An erythroid enhancer of BCL11A subject to genetic variation determines fetal hemoglobin level

Abstract

Genome-wide association studies (GWASs) have ascertained numerous trait-associated common genetic variants, frequently localized to regulatory DNA. We found that common genetic variation at BCL11A associated with fetal hemoglobin (HbF) level lies in noncoding sequences decorated by an erythroid enhancer chromatin signature. Fine-mapping uncovers a motif-disrupting common variant associated with reduced transcription factor (TF) binding, modestly diminished BCL11A expression, and elevated HbF. The surrounding sequences function in vivo as a developmental stage-specific, lineage-restricted enhancer. Genome engineering reveals the enhancer is required in erythroid but not B-lymphoid cells for BCL11A expression. These findings illustrate how GWASs may expose functional variants of modest impact within causal elements essential for appropriate gene expression. We propose the GWAS-marked BCL11A enhancer represents an attractive target for therapeutic genome engineering for the β-hemoglobinopathies.

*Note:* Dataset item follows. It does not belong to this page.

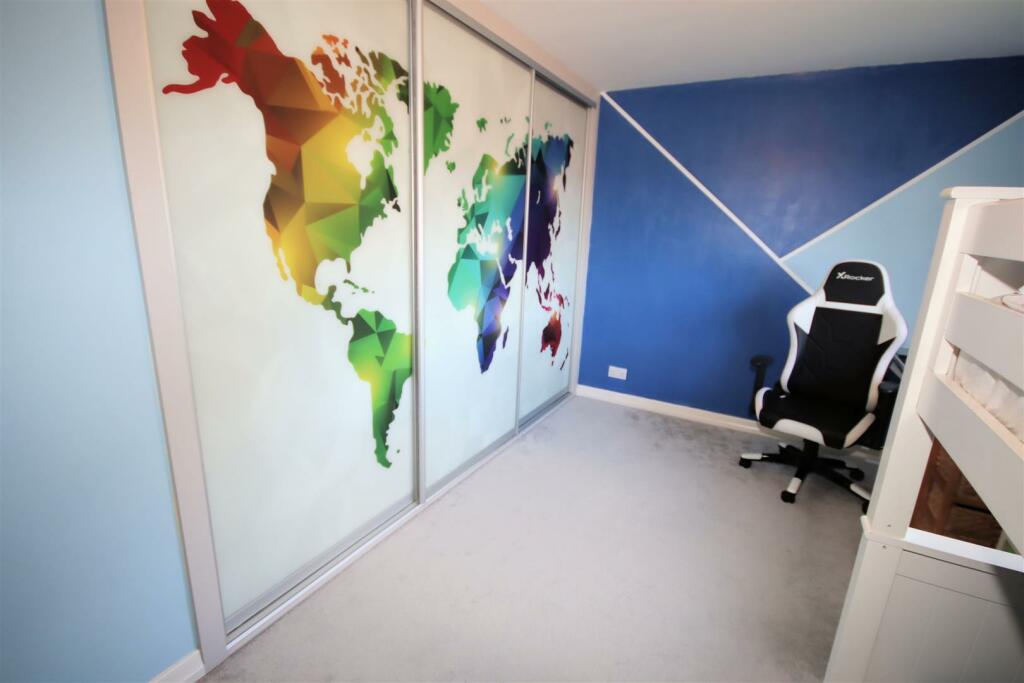 View of Bedroom 3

Fig. 1. Chromatin state and TF occupancy at BCL11A

(A) ChIP-seq from human erythroblasts with indicated antibodies. DNase I cleavage density from indicated human tissues. Three erythroid DHSs termed +62, +58 and +55 based on distance in kb from BCL11A TSS. BCL11A transcription from right to left. (B) ChIP-qPCR from human erythroblasts at BCL11A intron-2. DHSs +62, +58 and +55 boxed. Enrichment at negative (GAPDH, OCT4) and positive control (β-globin LCR HS3 and α-globin HS-40) loci displayed. (C) Chromosome conformation capture in human erythroblasts using BCL11A promoter as anchor. Error bars indicate s.d.

Fig. 2. Regulatory variants at BCL11A

(A) Genotype data obtained in 1,178 individuals from CSSCD for 38 variants within BCL11A +62, +58 or +55 DHSs. Most highly significant associations to HbF level among common (MAF > 1%) SNPs (n = 10) prior to (rs1427407) or following (rs7606173) conditional analysis on rs1427407. SNP coordinates chromosome 2, build hg19. (B) Chromatin from erythroblasts of individuals heterozygous for rs1427407, immunoprecipitated by GATA1 or TAL1 and pyrosequenced to quantify the relative abundance of the rs1427407-G allele. Composite half E-box–GATA motif previously identified (23). (C) gDNA and cDNA from erythroblasts of individuals heterozygous for rs1427407, rs7606173 and rs7569946. Haplotyping demonstrated rs7569946-G, rs1427407-G and rs7606173-C on the same chromosome in each. Pyrosequencing to quantify the relative abundance of the rs7569946-G allele.

Fig. 3. The GWAS-marked BCL11A enhancer is sufficient for adult-stage erythroid expression

(A) A 12.4-kb fragment of BCL11A intron-2 (+52.0–64.4 kb from TSS) was cloned to a lacZ reporter construct. Transient transgenic mouse embryo from 12.5 dpc X-gal stained. Arrowhead indicates liver. (B) Cell suspensions isolated from peripheral blood (PB) and fetal liver (FL) of stable transgenic embryos at 12.5 dpc X-gal stained. (C) Sorted erythroblasts and B-lymphocytes from young adult stable transgenic mice subject to X-gal staining or RNA isolation followed by RT-qPCR. Gene expression normalized to GAPDH and expressed relative to T-lymphocytes. Error bars indicate s.d.

Fig. 4. The GWAS-marked BCL11A enhancer is necessary for erythroid but dispensable for non-erythroid expression

(A) Three mouse erythroleukemia (MEL) and two pre-B lymphocyte clones with biallelic deletion of the orthologous Bcl11a erythroid enhancer (Δ50.4–60.4) subject to RT-qPCR. (B) Immunoblot of Δ50.4–60.4 MEL and pre-B lymphocyte clones.